Sur la fiscalité, pièce maîtresse des îles autonomes de Méditerranée, le président de la République avait mis en garde : « Une liberté pourrait être donnée à la Corse de mettre en oeuvre de nouvelles taxes locales dans le cadre de l’évolution institutionnelle que j’appelle de mes voeux. Mais plus il y aura de fiscalité transférée, moins il y aura de dotations. Être autonome, c’est assumer ce choix. » Cinq ans plus tard, devant Gérald Darmanin, le président de la CCI de Corse n’avait pas oublié le message : « Il n’y aura pas chez nous de course à la subvention ou à la dérogation par principe ou par habitude. Des mesures justes, simples et efficaces, sans effet d’aubaine. »

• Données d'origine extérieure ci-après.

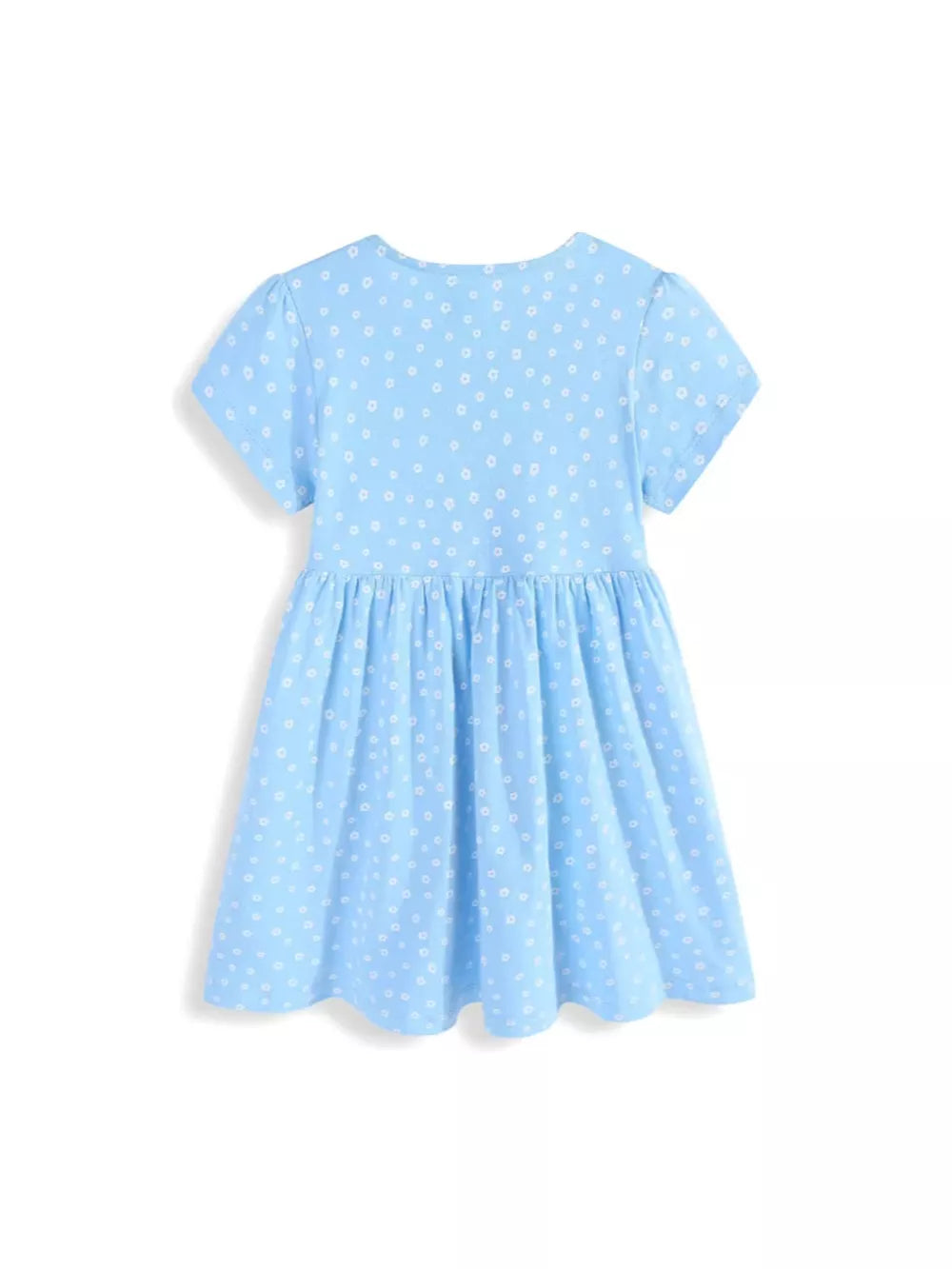 Baby girls blue cotton dress with white floral embroidery, short sleeves, and gathered skirt.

LE COMPTE À REBOURS EST DÉCLENCHÉ

En s’invitant, le 24 février dernier, au troisième comité stratégique, le président de la République a déclenché le compte à rebours. Il laisse entendre sans ambiguïté et « sans tabou » – ce sont ses termes – que le statut de la Corse va entrer dans une nouvelle phase. Il se dit prêt à inscrire de nouvelles évolutions dans son projet de réforme de la Constitution qu’il soumettra « après l’été ». Non seulement le processus a repris mais il passe à la vitesse supérieure.

Le président du Conseil exécutif de Corse demeure l’interlocuteur désigné pour suivre la cadence. Mais l’absence physique à la table des négociations des chambres consulaires et, plus généralement, de la société civile, n’obère en rien les attentes formulées par le Président Dominici qui toutes convergent vers une plus grande justice économique, en tête desquelles un statut fiscal et social « dont la finalité est de gommer pour les entreprises et commerces l’écart structurel entre la Corse et le Continent qui impacte les fonds propres et sape les efforts de croissance et de productivité. »

En amont du rendez-vous de Beauvau, le ministre de l’Intérieur avait échangé avec l’Exécutif de Corse sur des dossiers qui, pour être en marge du processus, n’en sont pas moins stratégiques pour l’économie corse. À des degrés divers, la CCI de Corse y est concernée. Il s’agit de la révision du Programme pluriannuel de l’Énergie (PPE) à l’ordre du jour de l’Assemblée de Corse à la fin du mois (consommation et maîtrise de l’énergie, nouvelle centrale d’Ajaccio, ENR, etc.) ; de la valorisation des déchets qui offre de belles perspectives de création d’entreprises innovantes comme l’atteste le séminaire de Biguglia dont nous rendons compte ; des interrogations légi-times sur les retombées potentielles pour la Corse du plan d’État « France 2030 » ; d’enveloppe de continuité territoriale désormais jugée insuffisante et de préjudice que pourrait générer l’instauration d’une fiscalité écologique uniforme pour le transport aérien ; de PTIC (plan de transformation et d’investissement pour la Corse) qui doit permettre, entre autre, de financer la modernisation des ports et aéroports.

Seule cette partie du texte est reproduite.